Just Finished Reading: The Deluge – The Great War and the Remaking of Global Order (1916-1931) by Adam Tooze (FP: 2014)

No doubt it was offered with the very best of intentions however naïve. But all the same the idea was like political acid – self-determination. Never fully explained or even understood it meant many things to many people and that, at its heart, was the problem. Throughout Europe and the wider world the idea of the right to and expectation of self-determination worked its magic helping to break up old empires and create countries out of whole cloth. It encouraged people’s, previously disenfranchised, to rise up against their governments to be allowed their own homeland and equal rights in the eyes of the law, and it brought democracy where none had previously existed.

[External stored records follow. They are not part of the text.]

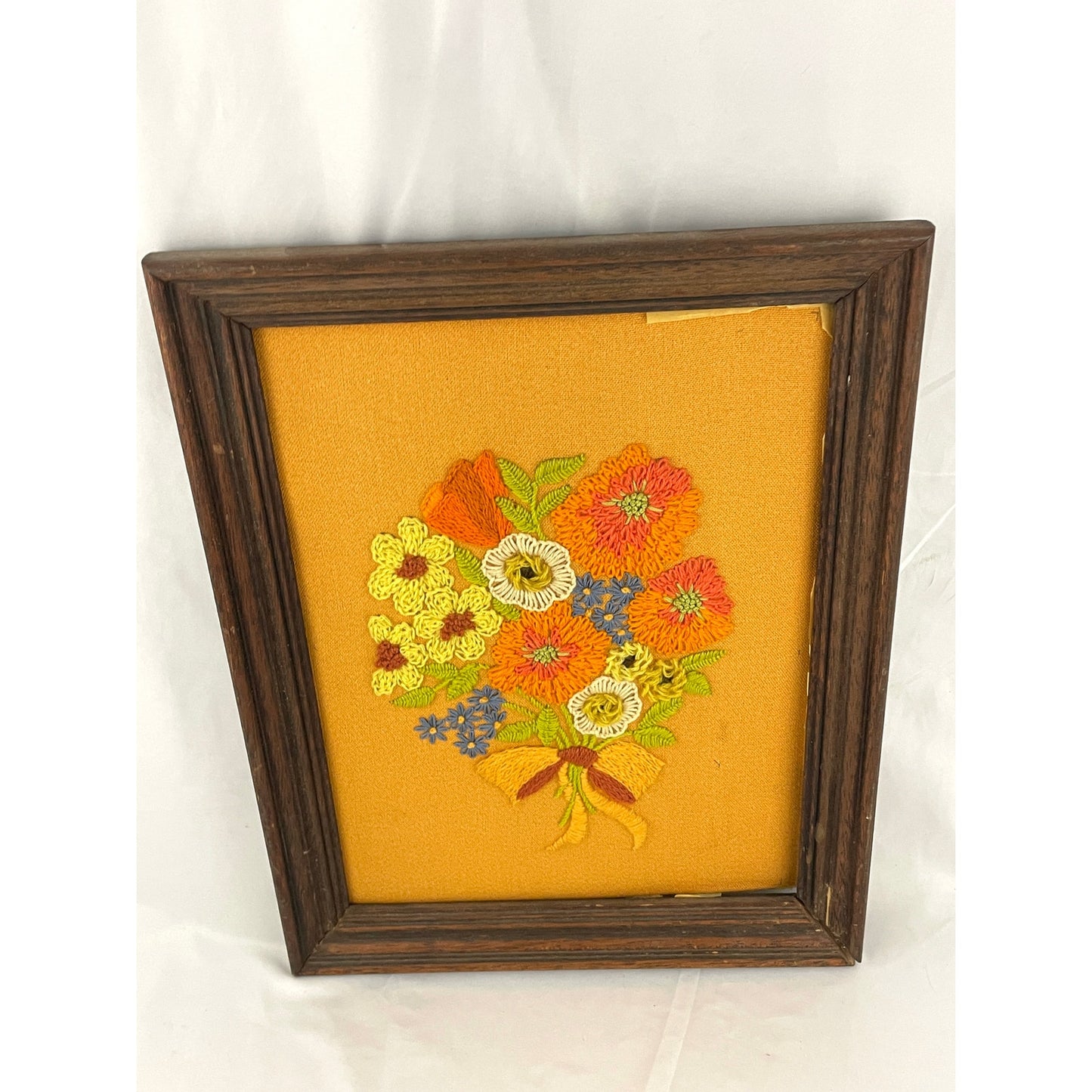 VTG Crewel Flowers Bouquet Needlecraft Embroidered Framed Wall Art 14.5"x18" 70s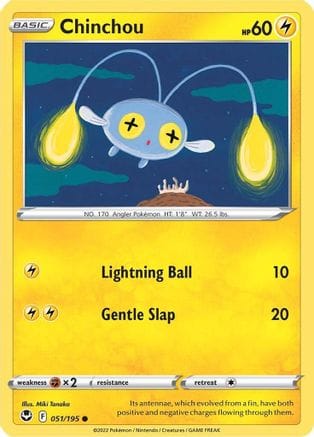 'Pokemon - 'Chinchou 051/195  SWSH12 Silver Tempest - Common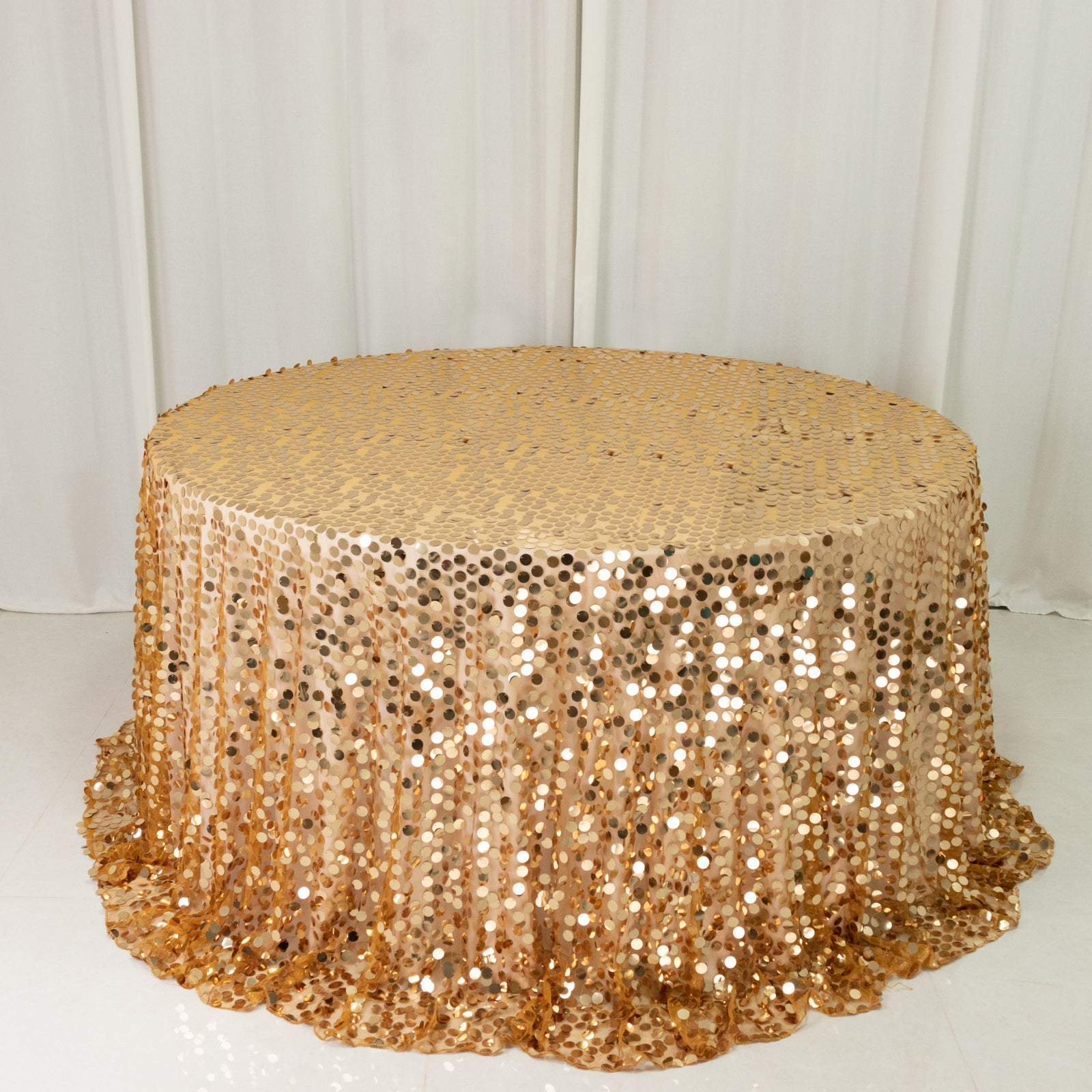 Sequin 132" Round Tablecloth Gold - Big Payette Table Cover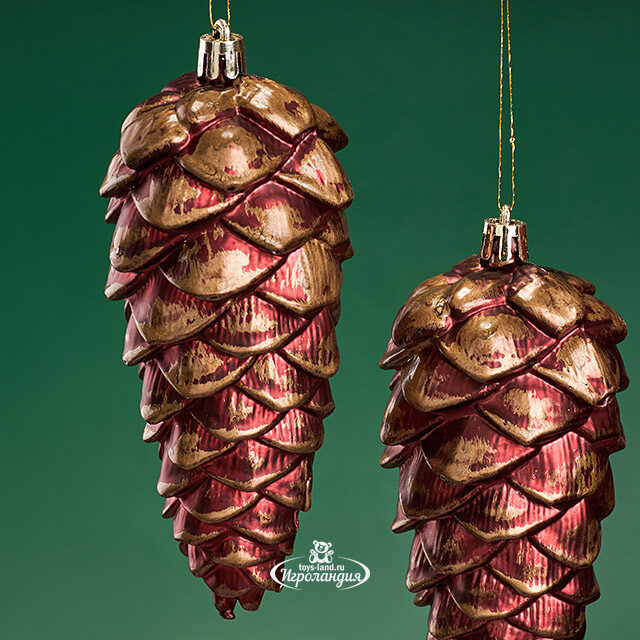 Елочная игрушка Шишка Fattura - Antique Bordo 14 см, 3 шт, пластик, подвеска Winter Deco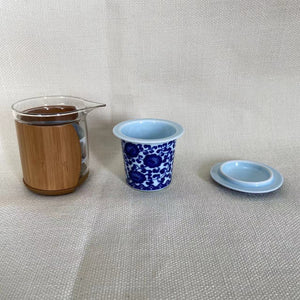 Portable / Traveling Gongfu Teaset "Cup, Pitcher, Brewing Cup, Bamboo Tray" in 1 Box, Qinghua Porcelain Chinese Teawares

The Genie was very much out of the bottle and no one, even at gun point, was going to put it back in – although some would try very hard indeed.

Of course principles are easy to state, safely between two oceans with little or nothing to lose by the statement. Living up to the same principles when they hit the hard reality of international politics was something else. The easy part was returning Alsace-Lorraine to France (despite the number of ethnic Germans living there). The harder part was countries like Poland which had to be carved out of the pre-existing territories of Germany, Russia and others. Most especially difficult was the provision of natural resources and, more importantly, access to the sea at Danzig. No self-determination there just hard economics, realpolitik and hard bargaining. Even those on the ground could see that the Polish solution was storing up problems for the future. But that was for the newly formed League of Nations to resolve or at least that was the idea before it was effectively emasculated by its Byzantine internal set of rules in an attempt to appear fairer than it in fact was as well the aspect that America never took up its place at the table to spare any future European entanglements.

As a forward looking people the Americans – in the public guise of President Wilson – had little interest in Europe’s Imperial past. They did have an interest in the world’s economic future, unrestricted access to new markets, an open seas policy enforced by a navy at least the equal of Britain’s and the speedy recovery of war debt accrued by the Entente powers. Almost as important in many eyes was the restriction of Japanese expansionism within China and throughout Asia. Not only did the US consider the Pacific to be within their sphere of influence but they thought of the Japanese themselves with a mixture of suspicion and contempt. The US policy towards China itself was hardly coherent and managed to send mixed signals to both the Japanese and Chinese authorities which did little to help stabilise that chaotic region.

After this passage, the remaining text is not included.